Auf Antrag der beteiligten Behörde hat das Amtsgericht am 11. April 2019 gegen den Betroffenen Haft zur Sicherung seiner Überstellung nach Italien bis längstens zum 22. Mai 2019 angeordnet. Seine Beschwerde hatte keinen Erfolg. Gegen den Beschluss des Beschwerdegerichts wendet sich der Betroffene, der am 3. Juli 2019 nach Italien überstellt wurde, mit der auf Feststellung der Rechtswidrigkeit der Haftanordnung gerichteten Rechtsbeschwerde.
II. Die zulässige Rechtsbeschwerde hat Erfolg.
1. Das Beschwerdegericht hat den Haftantrag der beteiligten Behörde für zulässig erachtet, da in ihm die Voraussetzungen und die Durchführbarkeit der beabsichtigten Überstellung nach Italien sowie die erforderliche Haftdauer hinreichend dargelegt worden seien.
2. Das hält rechtlicher Nachprüfung nicht stand. Der Haftantrag der beteiligten Behörde war unzulässig.

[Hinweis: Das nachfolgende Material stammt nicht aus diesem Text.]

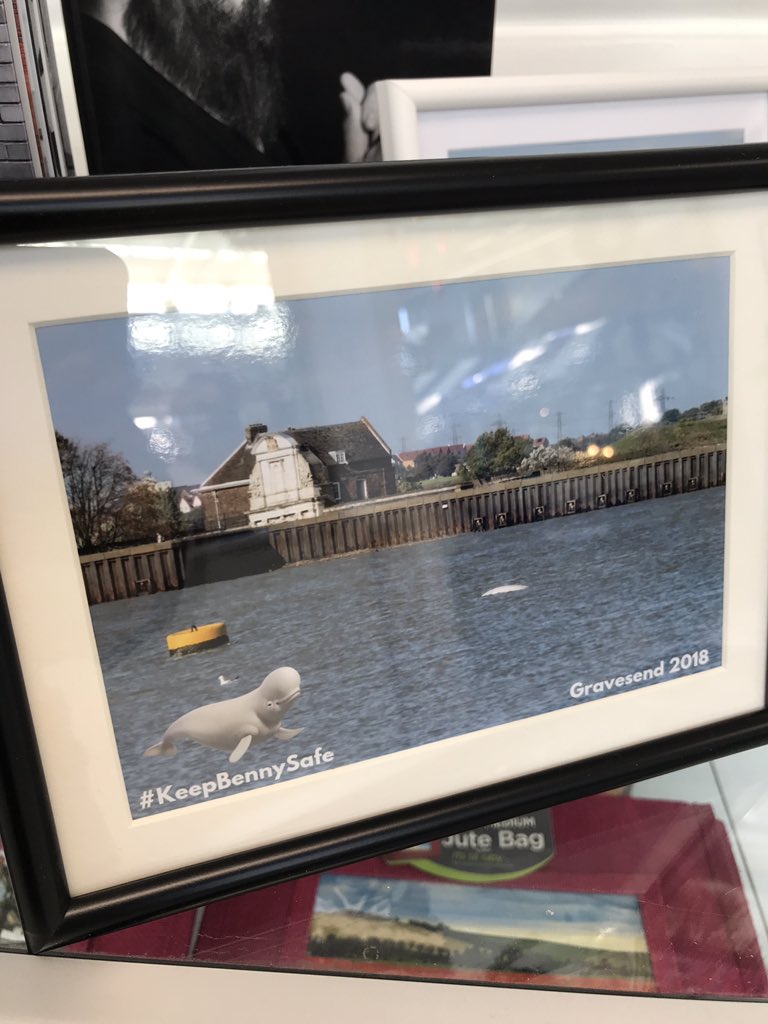 GravesendMarket's tweet photo. This weekend thereβs some great photography on display and for sale in our #PopUpGallery in the market. Thereβs even some #BennyTheWhale #KeepBennySafe prints https://t.co/Lz9pJSzgnG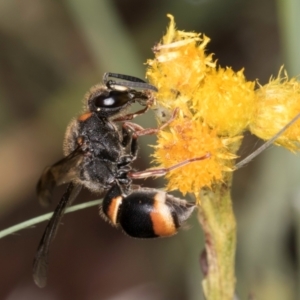 Paralastor sp. (genus) at McKellar, ACT - 1 Dec 2023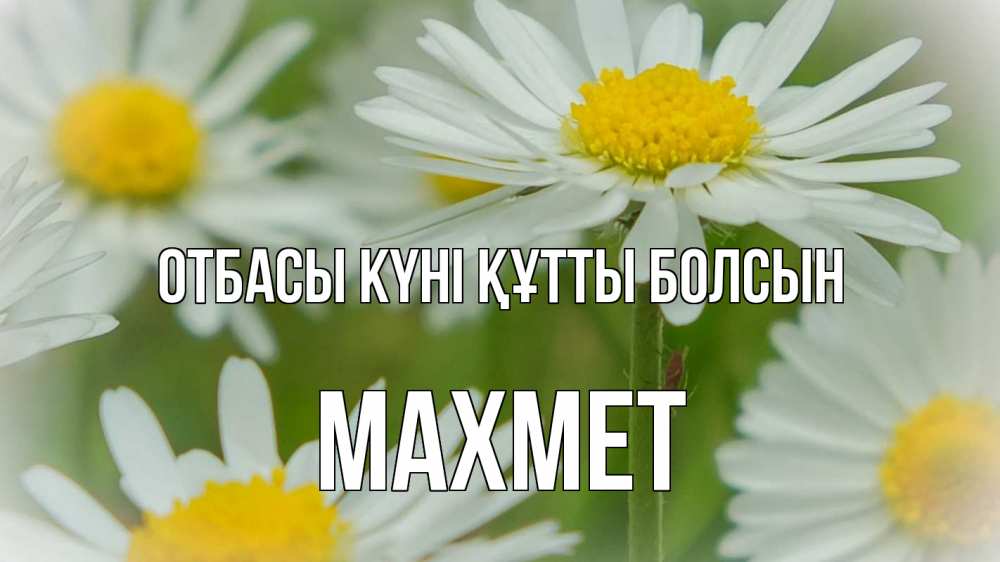 Күн сайын ашық хат с именем, МАХМЕТ отбасы күні құтты болсын с днем семьи  1 Онлайн тегін жүктеп алу тілектері бар керемет карта 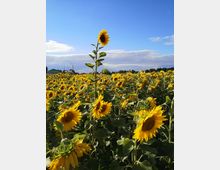 Ein weitläufiges Sonnenblumenfeld mit vielen blühenden, gelben Sonnenblumen, wobei eine besonders hoch aufragt. Im Hintergrund sind ein blauer Himmel mit Wolken sowie vereinzelt Gebäude und Bäume zu sehen.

a) Das Vorliegen eines zulässigen Haftantrags der beteiligten Behörde ist eine in jeder Lage des Verfahrens von Amts wegen zu prüfende Verfahrensvoraussetzung. Zulässig ist der Haftantrag nur, wenn er den gesetzlichen Anforderungen an die Begründung entspricht. Erforderlich sind Darlegungen zur zweifelsfreien Ausreisepflicht, zu den Abschiebungs- oder Überstellungsvoraussetzungen, zur Erforderlichkeit der Haft, zur Durchführbarkeit der Abschiebung oder Überstellung und zur notwendigen Haftdauer (§ 417 Abs. 2 Satz 2 Nr. 3 bis 5 FamFG). Zwar dürfen die Ausführungen zur Begründung des Haftantrags knapp gehalten sein; sie müssen aber die für die richterliche Prüfung wesentlichen Punkte ansprechen. Sind diese Anforderungen nicht erfüllt, darf die beantragte Sicherungshaft nicht angeordnet werden (st. Rspr., vgl. BGH, Beschlüsse vom 15. September 2011 - V ZB 123/11, InfAuslR 2012, 25 Rn. 8, vom 12. November 2019 - XIII ZB 5/19, InfAuslR 2020, 165 Rn. 8, und vom 12. Oktober 2021 - XIII ZB 110/19, juris Rn. 8).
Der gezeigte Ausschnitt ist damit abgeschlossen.